Lausanne World Pulse – LAUSANNE REPORTS – An Overview of Issues Affecting Evangelization in the United States

By Jim Tebbe

The Church in America is moving toward becoming a people in exile rather than the majority faith that is often little

more than cultural Christianity.

When I am not working with the Lausanne Movement, part of my “day” job is to direct InterVarsity Christian Fellowship’s twenty thousand strong Urbana missions conferences. Although I have lived most of my life outside the United States, for the last six years I have been immersed in North American student culture through Urbana.

Values, morality, means of communication, church attendance, spiritual interest, passions, etc., point to a major change taking place in North America today. This affects how Christians engage with those who do not believe and how they perceive the mandate to make disciples of all nations. Some of these changes are negative; others are not. My observations in this brief article are drawn largely from my experience with Urbana and what I read to equip me for my job.
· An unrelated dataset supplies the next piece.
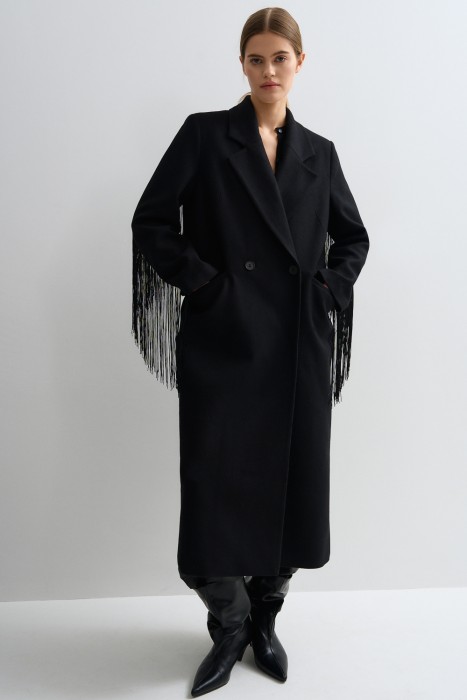 пальто с бахромой из россии вид сбоку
My perspective is from working with students.

The Bad News
How Americans think about and participate in church is changing. Mainline denominations and the Catholic Church have been in decline for years, and with that, denominational loyalty is dying. We will be dropping the question of denominational affiliation for Urbana ’09 because it no longer produces meaningful data. Most students do not identify with or perhaps even know the denomination of the church they attend.

Attrition is not just an issue for mainline denominations. There is concern among American evangelicals from a broader spectrum that we are losing our young people. High school students who were actively involved in their church youth groups are dropping out of Christian activity (e.g., church attendance or participation in a college Christian fellowship) at an alarming rate. The Youth Transition Network, a group of agencies which have come together to help students transition from high school into adult faith while in college, believes the attrition rate to be somewhere between sixty and eighty-five percent. In some communities, such as Korean American churches, it may even be higher. This phenomenon is relatively new and, unless changed, will have an impact on the established Church in the next twenty years.